Initialement prévu pour le 16 décembre 2019 et reporté suite à l’attaque terroriste qui a fait une centaine de morts au Niger,  le rendez-vous entre les chefs d’Etat du G5 Sahel et le président Emmanuel Macron aura lieu, en principe, le 13 janvier 2020 à Pau. En attendant, les analyses et commentaires y relatifs vont bon train. A travers les lignes qui suivent, le Pr Basile Guissou rappelle à Paris sa responsabilité dans la montée du sentiment de rejet de sa politique dans nos Etats.

 

Comme on le sait, Barkhane désigne une dune aux formes allongées à ses extrémités, tel un croissant. Les militaires en général sont imaginatifs et ont l’esprit fertile. Ils ont pour coutume de baptiser leurs opérations de multiples façons en empruntant à leur guise des noms d’oiseaux, d’animaux, de poissons ou encore des choses caractéristiques des zones d’opération. Ainsi, on a vu défiler chez les Français  Serval (un animal), Epervier, Licorne, Sangaris (un papillon), Barracuda (un poisson)... Chez les Américains on se rappelle l’opération Tempête du désert, et, plus près chez nous, Otapuanou, Ndofu, etc.

Ainsi donc nos cinq chefs d’Etat du G5-Sahel feront le déplacement à Pau en France où est basé le Régiment d’origine de sept des 13 soldats français morts dans l’accident entre deux hélicoptères amis. Là, ils s’entretiendront avec leur homologue français, Emmanuel Macron, chef suprême de l’opération Barkhane, après avoir rendu un hommage aux militaires décédés. Telle est la volonté du président français qui, ne cachant pas sa colère, les y a conviés sans ménagement.

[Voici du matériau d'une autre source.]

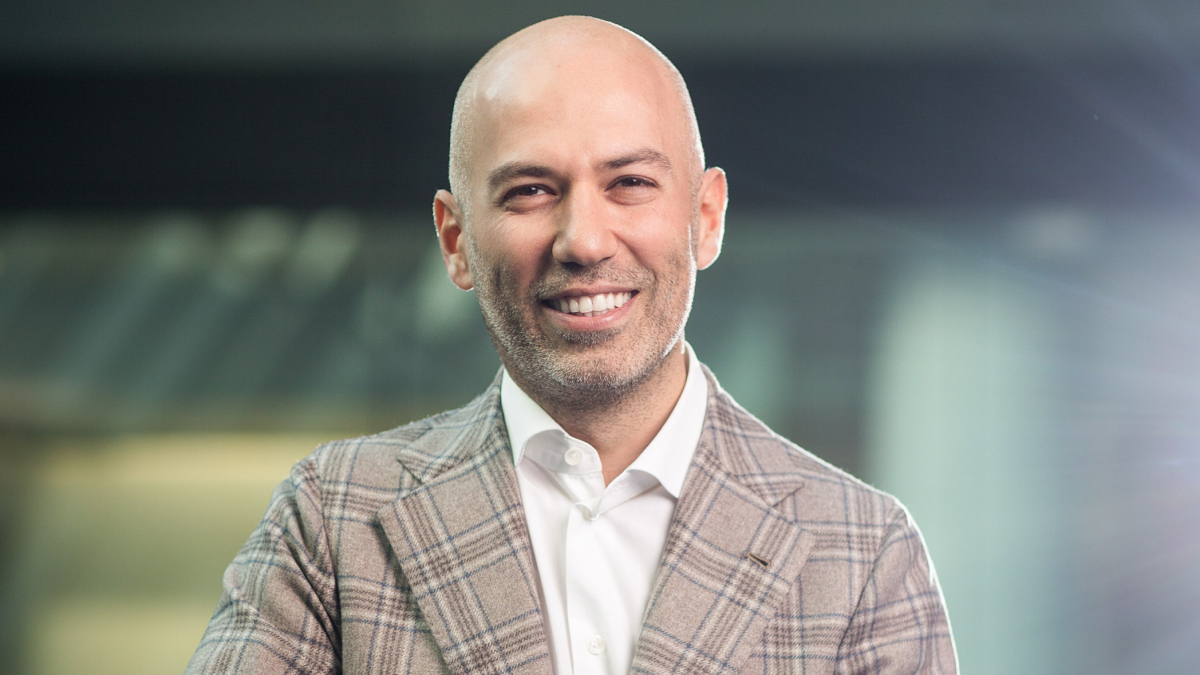 Denis Sverdlov,  Arrival founder,  electric vehicles,  microfactory model,  sustainable mobility,  EV innovation,  Yota founder,  technology entrepreneur,  green transportation,  automotive disruption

Il nous faut, avant de poursuivre, marquer un arrêt sur la manière peu diplomatique de cette invitation pour relever qu’en dérogeant aux règles protocolaires et de bienséance tel qu’il sied entre chefs de nations souveraines et civilisées, Monsieur Macron a administré la preuve qu’en dépit de n’avoir pas personnellement de passé colonial, il porte en lui les stigmates d’un mode de pensée et de comportement colonialiste, héritage sans doute d’une mentalité mal dégrossie d’un passé révolu. Chose contraire à ses déclarations à l’université de Ouagadougou lors de sa visite officielle.

Ses propos, pour le moins maladroits, ont suscité et continuent de produire partout dans les pays du G5-Sahel, en Afrique et au-delà, des réactions unanimes rappelant à ceux qui seraient tentés de l’oublier que les temps changent. Cette vague d’indignations et de contestations populaires animée par diverses couches sociales du G5-Sahel: monde associatif, culturel, politique, jeunes, vieux, etc., qui est survenue suite à « l’injonction indélicate » de «Jupiter» à nos chefs d’Etat légitimement élus, puise ses racines dans toute la gouvernance de l’Etat français dans nos pays depuis des décennies.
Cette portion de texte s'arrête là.